§ How to complete this task
In this exercise, print only the lines of the records below from the one with "Rev latin infect" through the one with "Зубы мудрости где", inclusive. Pictures are not part of the copy.

§ Task material

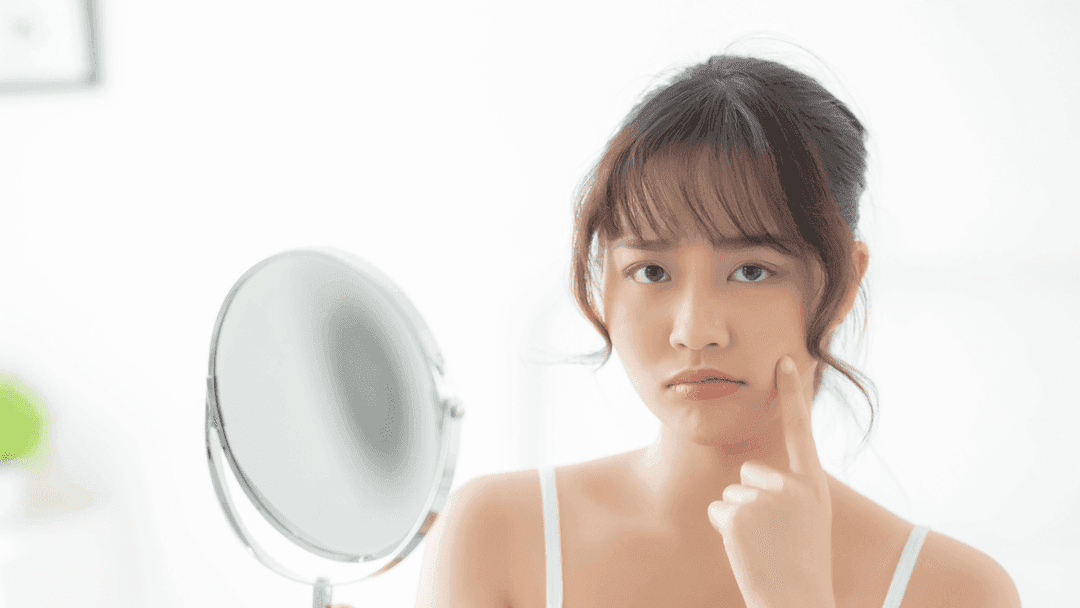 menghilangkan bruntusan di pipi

---

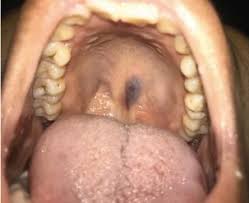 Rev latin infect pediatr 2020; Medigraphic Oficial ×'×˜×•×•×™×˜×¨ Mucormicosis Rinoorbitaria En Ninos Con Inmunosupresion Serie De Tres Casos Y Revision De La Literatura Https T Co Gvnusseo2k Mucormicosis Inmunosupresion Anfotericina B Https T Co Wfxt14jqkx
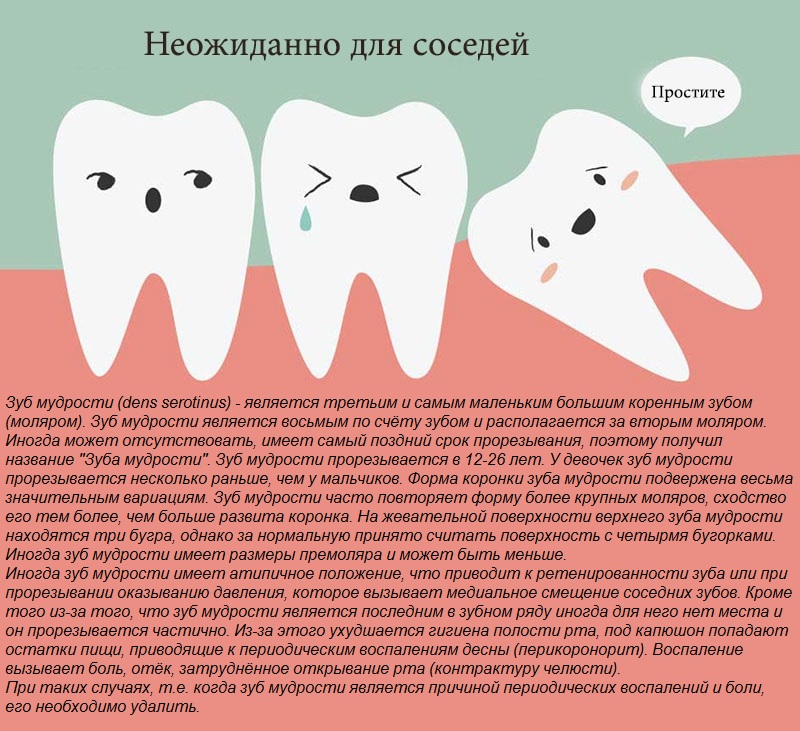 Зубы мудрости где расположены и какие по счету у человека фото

...

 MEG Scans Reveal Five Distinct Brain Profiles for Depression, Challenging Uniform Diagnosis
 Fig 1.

§ Answer section
 Rev latin infect pediatr 2020; Medigraphic Oficial ×'×˜×•×•×™×˜×¨ Mucormicosis Rinoorbitaria En Ninos Con Inmunosupresion Serie De Tres Casos Y Revision De La Literatura Https T Co Gvnusseo2k Mucormicosis Inmunosupresion Anfotericina B Https T Co Wfxt14jqkx
 Зубы мудрости где расположены и какие по счету у человека фото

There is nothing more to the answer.